3. Outstanding claims
Here again, there appears nothing very taxing about the approach required for IFRS17. Outstanding claims calculations are based on best-estimate cash flows, adjusted for the company’s perspective of risk. While the need for discounting of the cash flows is, in many cases, new for statutory accounting purposes, insurers in Europe should be able to leverage their experience from Solvency II.
The biggest potential snake lurking here is the need to produce numbers by group (as determined at initial recognition and based on the requirement for annual cohorts) and what this means for traditional accident year reserving processes. Does this inevitably mean that a calculation of outstanding claims on an underwriting year basis will be required? Allied to that, there is the need to track and apply multiple discount rates where the entity chooses to disaggregate insurance finance income and expense, as well as the different starting point for determining the discount rate under the PAA and the GMM.
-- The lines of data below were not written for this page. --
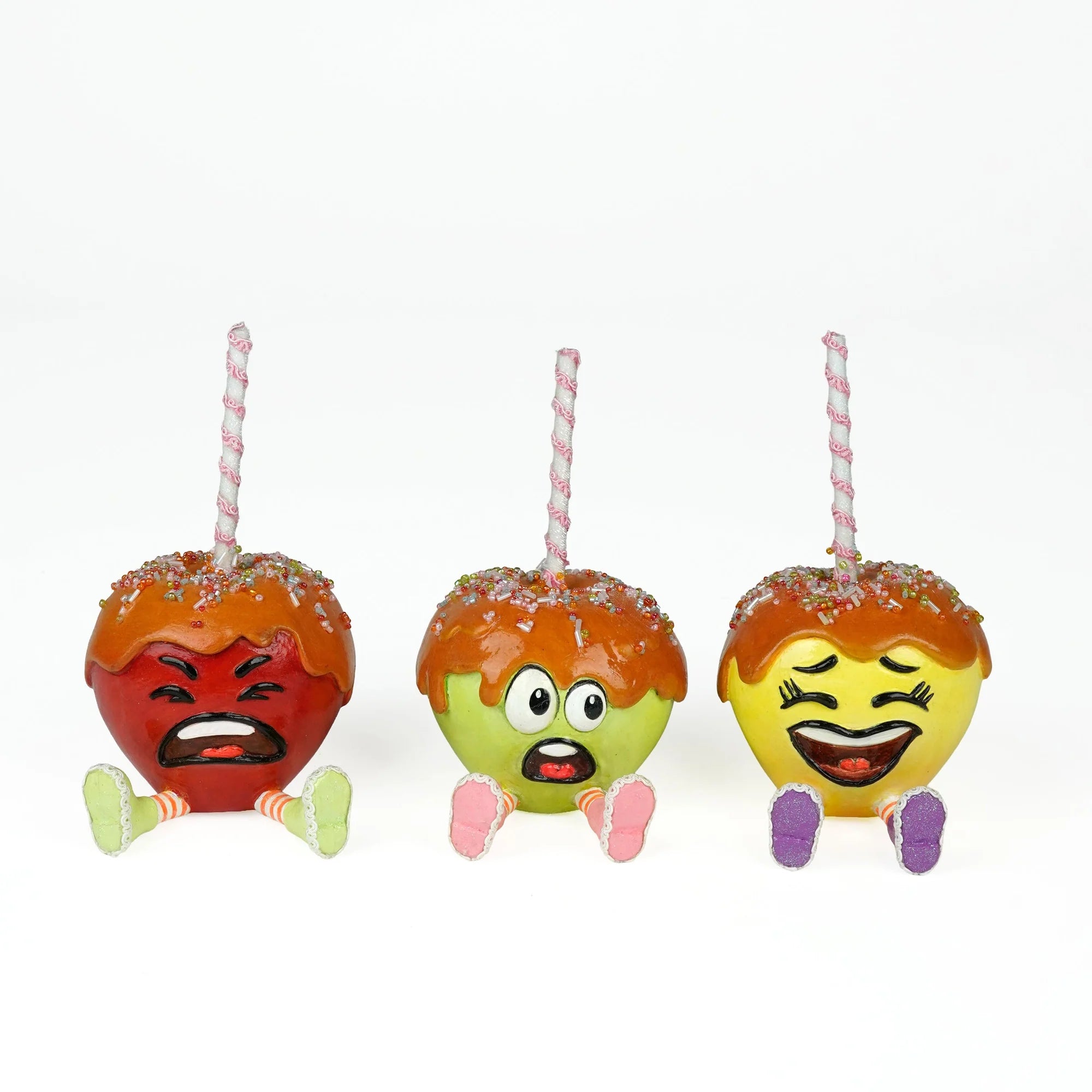 Gasp, Sniffles and Giggles Candy and Carmel Apples, Set of 3
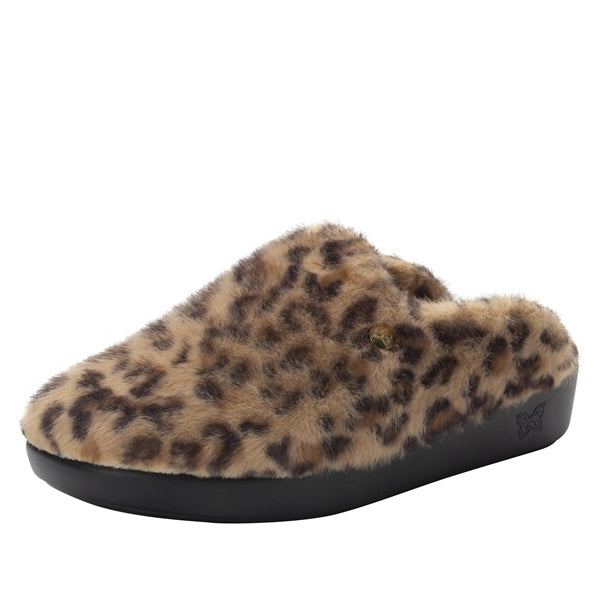 Alegria Womens Leisurelee Open Back Slippers Scuffs Moccasins - Leopard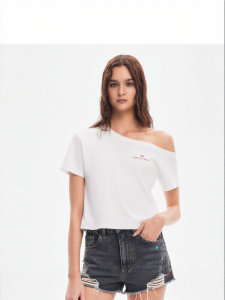 CALLED BACK | White Autumn New Design Asymmetric Short T-shirt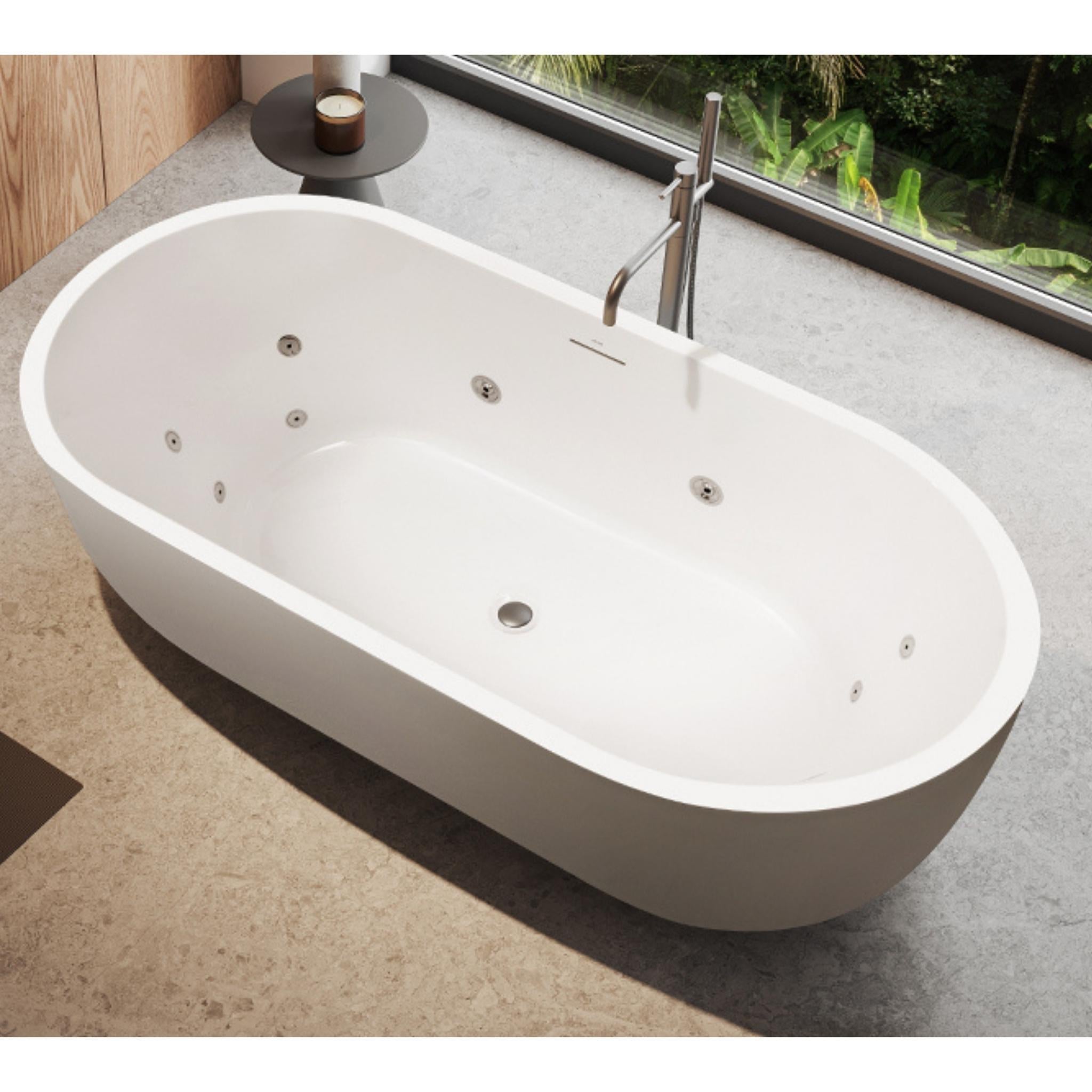 DECINA ELISI FREESTANDING SPA BATH WITH INTEGRATED OVERFLOW GLOSS WHITE 1700MM WITH 12-JETS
If all of this wasn’t sobering enough, it’s when we come to the treatment of reinsurance contracts that things become even more unpleasant. Indeed, it’s actually difficult to find any ladders at all but rather a veritable pit of snakes.
The standard requires companies to classify, measure and present reinsurance contracts explicitly, independent of the underlying business. One consequence is that businesses might have to recognize the loss on an onerous contract immediately while any potential offsetting gains from reinsurance cover are recognized over the period of the contract. Further mismatches may arise due to the selection of measurement approach, inconsistent (dis)aggregation requirements and non-coterminous coverage periods. And, as if that was not enough, IFRS 17 requires the risk of default by reinsurers to be assessed on an expected loss rather than incurred loss basis and will significantly increase the complexity of dealing with the elimination of intra-group reinsurance on consolidation.
This selection of potentially tricky issues for P&C insurers demonstrates the need to delve into the details of IFRS17 as soon as possible, even within the relative comfort of the simplifications provided by the PAA. What’s clear is that any complacency on the part of P&C insurers is misplaced: yes, there are many ladders but the snakes are often numerous and less immediately visible. Avoiding being bitten requires keen eyesight, careful analysis of the paths offered and appreciation of the risks as well as the opportunities.